“107,062 Delawareans are without the free delivery of mails, except where furnished in spots by the experimental rural free delivery services,” noted the News Journal [Wilmington] in July 1898.
From our vantage point today rural free delivery (RFD) mail service seems like a no-brainer. But in 1898 it was untested, and there were opponents to the whole idea.
Fourth class post offices, for one.
“Experiments conducted already by the department,” said the News Journal back in March that year, “show that with the establishment of rural delivery, in which there is a hearty cooperation of the communities interested, the discontinuation of a number of 4th class postmasters can be effected.
“It is feared that if the new system promises to result in doing away with these, it will invite the hostility of Congressmen. The latter have little enough of this kind of patronage to dispose of at present, and they will not relish any further depletion of the supply.”
“The idea upon which the service was first established,” added special agent A.B. Smith of the new RFD Eastern Division, “was that it was to be supplementary to existing fourth class post offices.
“It was to seek an existence on byroads and in sparsely settled regions. It was simply an insignificant scavenger picking up the odds and ends that postmasters did not much care for, and it was too frequently attached to offices where it was not appreciated.

“Nine-tenths of the fourth class post offices,” Smith pointed out, “are kept in stores. Many of these postmasters have told me that they wish the office were at the bottom of the sea, as it did not pay and was a terrible annoyance. But when the proposition was made to relieve them of their disagreeable duties, they at once began to hedge, and from that moment became the implacable foe of free delivery.”
Many farmers felt the post office’s new program would impose undue financial burdens on them. For one thing, they were required to purchase new standardized mailboxes (most had the metal flag we recognize; some early mailboxes used a cloth version.) And worse, if they wanted RFD service, they had to maintain their local roads. “Carriers are exempt from going over roads that are commonly termed as very bad or impassable,” reported the Morning News [Wilmington] in September 1898. “Most of the districts turned down by the special agents of the Post Office Department are the victims of their own bad roads.”
Assistant Postmaster General Perry S. Heath, nationally in charge of the RFD program, sought to diffuse farmer resistance by enlisting the support of state grange associations for farmers. “It is very desirable to have the cooperation of the leading citizens and agricultural organizations in this work,” he told the News Journal [Wilmington] in September.
Heath’s plan for Delaware was to test the idea in Harrington, due to its proximity to two other rural communities in the central part of the state.
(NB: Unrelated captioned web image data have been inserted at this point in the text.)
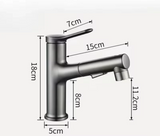 Moderne Waschbeckenarmatur mit flexiblem Auszug und integrierter Mundspülfunktion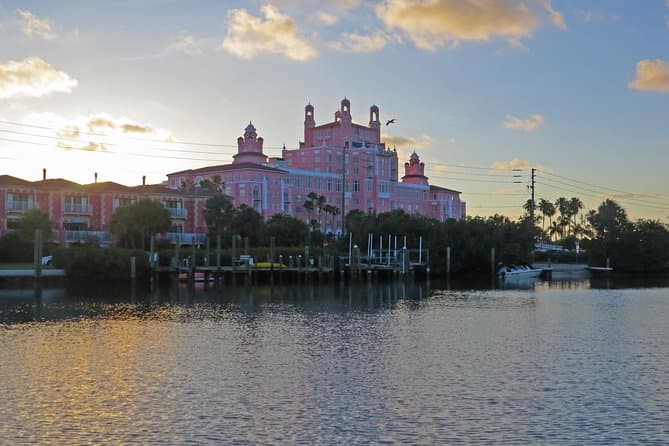 Golden-Hour Neva Sunset Cruise in St Petersburg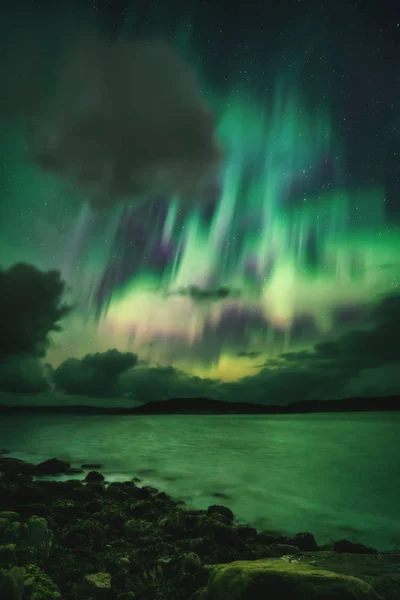 Északi fény, Aurora Borealis a Kola-félszigeten, éjszakai égbolt megvilágított zöld. Murmanszk régió, Oroszország — Stock Fotó
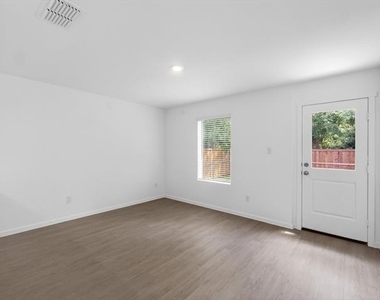 12112 Steeplechase Drive - Photo Thumbnail 11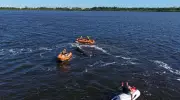 Embarcação é sustentada após resgate de pescadores em lagoa de Maricá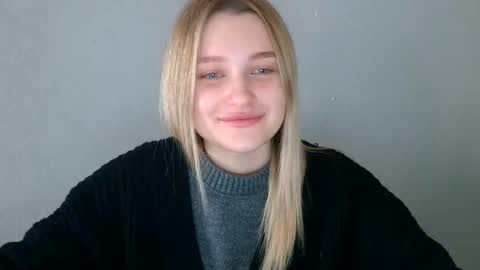 Mia online show from 5, 10, 2025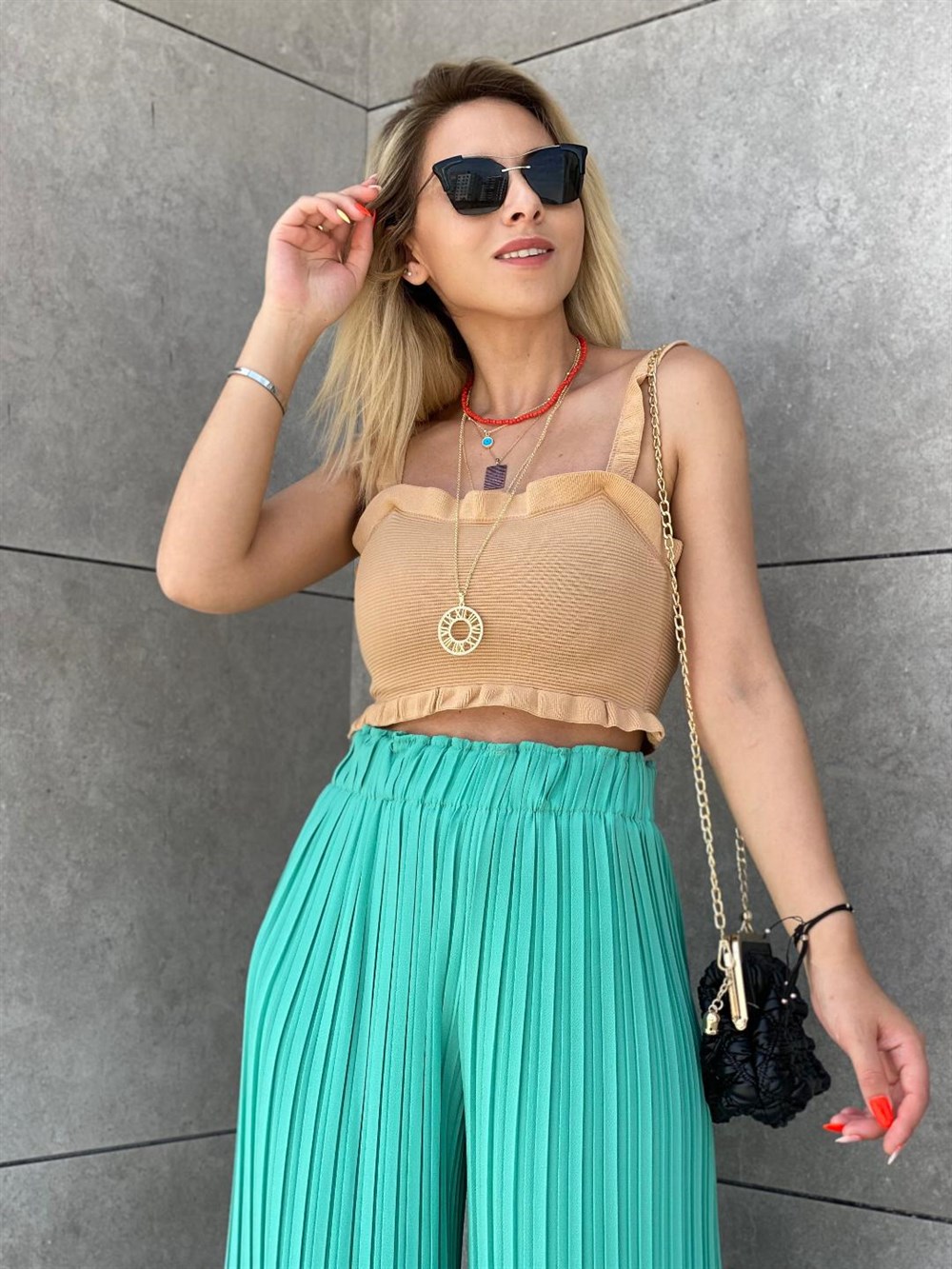 Crop Nude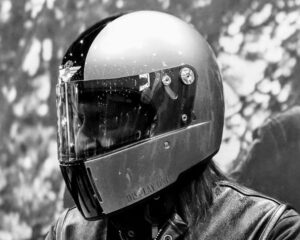 davida-koura-motorcycle-helmet--viva-moto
The Harrington route “is to serve the community in the triangle formed by Harrington, Milford and Frederica roads,” he said. “It is probable that the experiment will be applied at one or two other points in Delaware.”

The Harrington route opened Oct 3, 1898, originally to cover 12.5 square miles, but extended the following April to 18. “Joseph G. Peckman, of Mispillion Hundred, has been appointed carrier at a salary of $300,” reported the Middletown Transcript. “Boxes will be placed at convenient places along the routes and the carrier will sell stamps.” Peckman covered a 20 mile route. He originally served 100 people, which rose to 600 within a year and a half.
Each carrier was expected to provide his own horse and wagon, but was exempt from having to pay road tolls.
The town of Laurel started RFD service on November 1, its 38 mile route the longest in the state, nonetheless served by only 2 carriers. Marshallton began that same day.
Service began at Smyrna on March 1, 1899. Middletown’s postmaster agreed to start RFD there the following month, with 2 routes covering about 47 square miles, 1 carrier per route.
By March 1900, reported the News Journal, Laurel’s RFD was serving 1,500 people. That number, though, was dwarfed by the Marshallton service, which that same month handled Delaware’s largest amount of RFD mail: 21,177 pieces delivered and collected.
“After a seven years’ struggle under different Postmaster Generals, First Assistant Postmaster General Perry S. Heath has at last placed the rural free delivery mail system on a solid foundation,” glowed the News Journal.
“The service is growing in popularity each day. At present there are 5,000 applicants on file in the Post Office Department, and though routes are being established every day, the number of applications does not seem to decrease.”
“Rural free delivery,” summed up RFD Eastern Division’s A.B. Smith in a 1901 report to the Postmaster General, “diffuses intelligence, increases the volume of mail, promotes sociability, and tends to more exalted ideas of government. These are the helps which have enabled the rural service to overcome all obstacles and in three years become the most popular feature of the postal service.”
The experimental phase had clearly ended.